Earlier this month, I presented a session for Pragmatic Works Training on the T’s on the selecting the clustered index for a table in a SQL Server database. In the session, titled Choosing Your Clustered Index, in this session I discussed the patterns around choosing clustered indexes and why you might choose one pattern over another.
The abstract for the sessions is:
We often hear that you should always have clustered indexes on your tables. What’s left off of this discussion is the how to choose the columns for this index. Should it be the primary key? Or some other column or set of columns? Having the wrong key column(s) in the clustered index can lead to performance problems, possibly worse than having no clustered index on the table at all.
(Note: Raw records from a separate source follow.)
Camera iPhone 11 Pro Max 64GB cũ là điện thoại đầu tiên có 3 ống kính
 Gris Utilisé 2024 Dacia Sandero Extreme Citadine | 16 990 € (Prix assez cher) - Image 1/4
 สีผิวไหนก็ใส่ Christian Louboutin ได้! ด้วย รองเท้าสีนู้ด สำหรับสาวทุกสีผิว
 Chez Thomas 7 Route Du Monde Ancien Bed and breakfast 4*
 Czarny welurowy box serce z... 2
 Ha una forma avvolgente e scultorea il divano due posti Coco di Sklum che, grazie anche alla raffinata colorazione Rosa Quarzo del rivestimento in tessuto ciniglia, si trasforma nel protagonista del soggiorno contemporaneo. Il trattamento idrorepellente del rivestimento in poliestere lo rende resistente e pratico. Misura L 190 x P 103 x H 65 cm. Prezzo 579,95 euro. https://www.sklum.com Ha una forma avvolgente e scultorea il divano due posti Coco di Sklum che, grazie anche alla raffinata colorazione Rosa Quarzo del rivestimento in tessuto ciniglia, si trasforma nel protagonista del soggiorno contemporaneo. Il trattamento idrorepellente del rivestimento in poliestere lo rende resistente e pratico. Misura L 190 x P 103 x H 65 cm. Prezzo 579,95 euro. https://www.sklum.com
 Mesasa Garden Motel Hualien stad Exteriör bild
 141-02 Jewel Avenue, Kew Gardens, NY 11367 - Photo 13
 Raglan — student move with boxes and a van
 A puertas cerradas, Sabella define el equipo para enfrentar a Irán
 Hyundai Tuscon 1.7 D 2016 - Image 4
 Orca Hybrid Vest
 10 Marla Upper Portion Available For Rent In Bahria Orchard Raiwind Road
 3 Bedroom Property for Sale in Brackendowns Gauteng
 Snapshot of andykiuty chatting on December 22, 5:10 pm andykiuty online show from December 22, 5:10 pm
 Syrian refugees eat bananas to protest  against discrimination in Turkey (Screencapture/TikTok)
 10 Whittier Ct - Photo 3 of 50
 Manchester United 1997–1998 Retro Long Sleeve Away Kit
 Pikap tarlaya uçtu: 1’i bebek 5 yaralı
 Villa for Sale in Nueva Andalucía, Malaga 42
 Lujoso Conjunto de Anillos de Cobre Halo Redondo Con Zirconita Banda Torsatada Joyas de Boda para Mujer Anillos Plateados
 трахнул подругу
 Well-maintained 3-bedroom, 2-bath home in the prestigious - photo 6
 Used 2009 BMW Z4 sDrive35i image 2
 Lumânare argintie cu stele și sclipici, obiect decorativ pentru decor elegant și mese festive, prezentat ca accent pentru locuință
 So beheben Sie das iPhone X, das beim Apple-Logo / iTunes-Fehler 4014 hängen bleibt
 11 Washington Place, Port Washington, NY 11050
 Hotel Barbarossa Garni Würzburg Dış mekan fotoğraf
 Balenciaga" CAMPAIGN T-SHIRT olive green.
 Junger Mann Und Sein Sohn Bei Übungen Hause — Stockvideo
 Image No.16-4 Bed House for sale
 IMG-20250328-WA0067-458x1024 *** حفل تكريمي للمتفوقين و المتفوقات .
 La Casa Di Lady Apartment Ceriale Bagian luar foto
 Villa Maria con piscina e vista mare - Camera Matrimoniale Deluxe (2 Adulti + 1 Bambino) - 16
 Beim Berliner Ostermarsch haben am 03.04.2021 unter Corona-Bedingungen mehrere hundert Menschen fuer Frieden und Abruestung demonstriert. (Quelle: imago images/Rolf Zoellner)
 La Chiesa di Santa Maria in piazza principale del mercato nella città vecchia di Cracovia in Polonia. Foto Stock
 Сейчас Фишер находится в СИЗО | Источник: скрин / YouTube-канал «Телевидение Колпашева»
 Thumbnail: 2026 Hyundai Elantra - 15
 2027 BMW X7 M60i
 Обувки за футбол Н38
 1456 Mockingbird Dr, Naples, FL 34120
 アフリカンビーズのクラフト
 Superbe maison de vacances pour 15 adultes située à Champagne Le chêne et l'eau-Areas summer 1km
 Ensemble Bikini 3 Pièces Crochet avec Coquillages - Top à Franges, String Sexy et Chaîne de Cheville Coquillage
In this session, we’ll review common patterns for selecting clustered indexes and how to determine which pattern you need. Also, we’ll look at how to analyze tables to help select the best clustered index for every table.
Webcast Recording
If you missed the webcast, you can access the recording from the Pragmatic Works Learning Center. A recording of the session is available here. The presentation deck and demo code can be download here (Choosing Your Clustered Index), or you can flip through the deck below. If you are interested in having this presentation, or others, delivered to your user group or company, feel free to reach out to me in the comments or through twitter.
Session Questions and Answers
The questions below were asked during the session. I’ll keep the answers fairly brief, so if I miss a point and need to explain more, let me know.
Q: All of the examples relate to improving reads of the data. How do they affect the writes when you are loading many rows through ETL?
There are a few ways in which writes are affected by clustered indexes. First, if the write occurs as an insert, the clustered index determines where the write will occur. With an ever-increasing key, that write will occur at the right edge of the B-Tree for the clustered index. If the key is not ever-increasing and rows are sorted based on a non-sequential value, the writes during the ETL process will generate page splits. These page splits will negatively impact the performance of the writes. Also, depending on the number of rows being inserted, it is possible that the inserts can overload the systems ability to allocate pages to the index, this can be checked by monitoring PAGELATCH_* waits.
Q: Are there any data types that you should avoid using?
I would avoid data-types other than int/numeric/decimal size greater than 9 bytes and char and varchar, and there unicode counterparts, that are larger than 10 bytes. Of course, I usually try to avoid uniqueidentifier due to size and the ever-increasing value issues mentioned in the presentation. The key with the clustering key is to choose the smallest data type possible to store the key. These sizes aren’t hard and fast, but guidelines to help identify when to look closer at the data type and key column choice.
Q: Is the foreign key as the clustered key better than using an identity field as the clustered and the foreign key as a non-clustered index
If the primary method for accessing the records is based on a foreign key then it can be better. For instance, if the parent table is an order header table and the child table is order details, then it is likely that the order Id from the order header table will be used to access and retrieve rows from the order detail table. You can see this when querying, since with the foreign key from the order header table, the order detail table will more often be accessed with index seeks that with index seeks coupled with lookup operations.
Q: Do you have any white pages regarding the different patterns?
For a fuller explanation of the clustered index patterns, check out Expert Performance Indexing for SQL Server 2012. This is the book, that I wrote, in which the presentation is based off of.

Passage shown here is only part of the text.